加入者が1000万人を超えるまでになった日本のADSLですが、日本で初めてADSLのフィールド実験が伊那で行われたことを知る人は、そんなに多くないと思います。その実験の場を提供したのは、伊那有線放送電話農協の中川さんという人でした。2月末でその中川さんが定年を迎え、2月25日に関係者が集まって、送別会が伊那で開かれました。元東京メタリック社長の東條さん、KDDI研究所長の浅見さんなど30人くらいが集まり、中川さんの労をねぎらいました。
実験が始まった当時、NTTはADSLにきわめて冷たい態度を示していたので、伊那の実験が日本のADSL実用化の突破口になったのは間違いありません。送別会参加者の中から自然に、伊那の駅前に、日本のADSL発祥の地、という石碑を立てようじゃないか、という意見が出たのも当然です。
なぜ実験が伊那で行われたのか。伊那有線に実験の条件が整っていた事情もありますが、ひとえに中川さんの飽くなき好奇心と前向きな努力、人と人をつなぐコミュニケーション能力の高さに負うところが大きいと思います。
時代遅れになりつつあった有線放送電話にいち早く光ファイバーを導入、95年にはNTTとの回線接続も実現して、電話の定額制も実現してしまったのですから、その行動力は見上げたものです。
95年の阪神大震災の直後、被災地でつながらない電話にだれもがイライラを募らせていた時、NTTだけに依存しないネットワークが必要だ、とする記事を私が書いたら、「伊那ではもう実現している」という手紙を中川さんからいただいた。それが中川さんとのおつきあいの始まりでした。
その2,3週間前、東京メタリックの創業者だった小林さんが、ADSLの伝送実験を都内のホテルで実演して見せてくれました。これが日本で初めてのADSL伝送でした。
中川さんからの手紙と小林さんの実験がほぼ同時期だったことは不思議な縁で二人が結ばれていたような気がします。二人を引き合わせたわけではないのに、小林さんたちが伊那でADSL実験を始めたのはその2年後のことでした。
中川さんからは、NTTとの接続問題や、電気通信の規制問題などでしばしば相談を受けたことがありました。その場合、私がそれは弱いものいじめだから、問題を公にして、つまり記事化して解決の道をさぐりましょう、といっても中川さんは、いつもまだ穏便に解決できるかもしれないから、ちょっと待て、といわれたものでした。気配りの人でもありました。
伊那有線放送はADSL商用化の一番乗りにはなりませんでしたが、あえて名声を求めず、争いを避け、にもかかわらず、確かなことは着実に実行する中川さんがいたからこそ、日本のADSLは世界のトップに立てたのだと私は信じています。
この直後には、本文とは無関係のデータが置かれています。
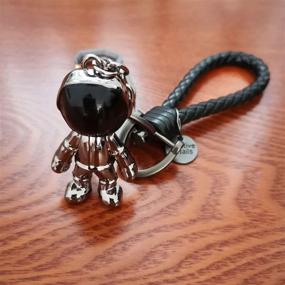 img 1 attached to Leather Keychain Astronaut Ornaments Boyfriend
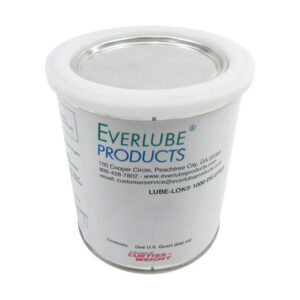 EVERLUBE® LUBE-LOK® 1000 Diluted Gray/Black EVERLUBE® Standard Spec Vitreous Bonded High-Temperature Solid Film Lubricant - Quart Can - 2/Case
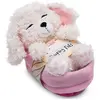 Bild von Nici Pudelhund Schläft Im Korb Teddy 12 Cm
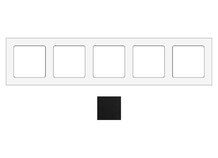 SOCKET SOCKAB5 | Frame voor 5 modules in zwart aluminium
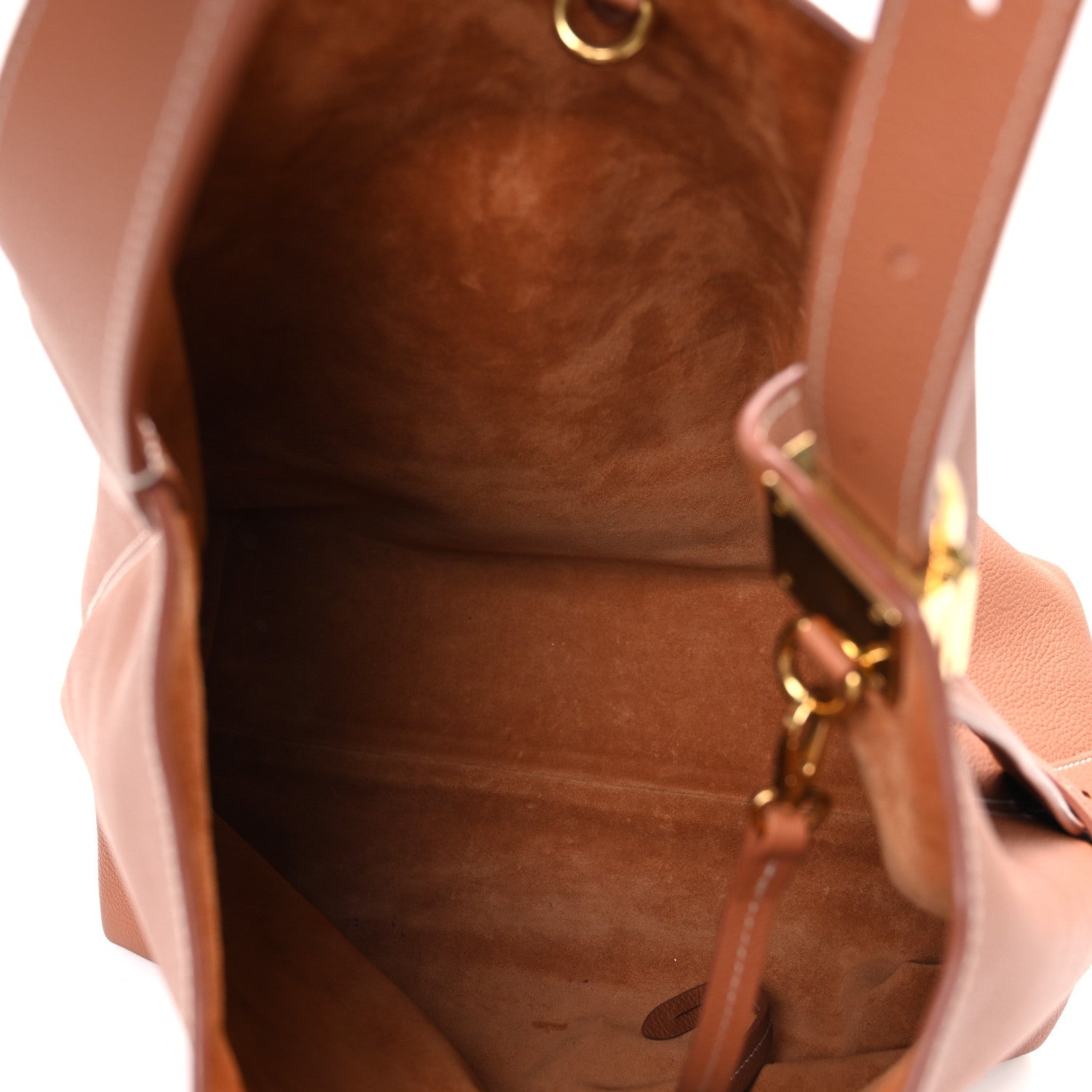 Louis Vuitton Grained Calfskin Low Key Hobo MM Cognac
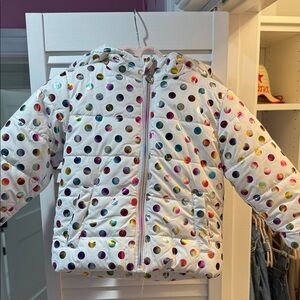 Colorful Polka Dot Puffer KIDS Jacket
伊那有線放送農協は15億円の借入金を昨年全額返済し、バックボーンの光ファイバーも10メガから100メガに増速しました。ブロードバンド時代にふさわしい体勢を整えたところで中川さんが第一線を去るのは惜しいことです。
地方のブロードバンド化、IT化はこれからが正念場。中川さんのような人材がたくさん出てくれば、地方の時代は確実に来ると思うのですが。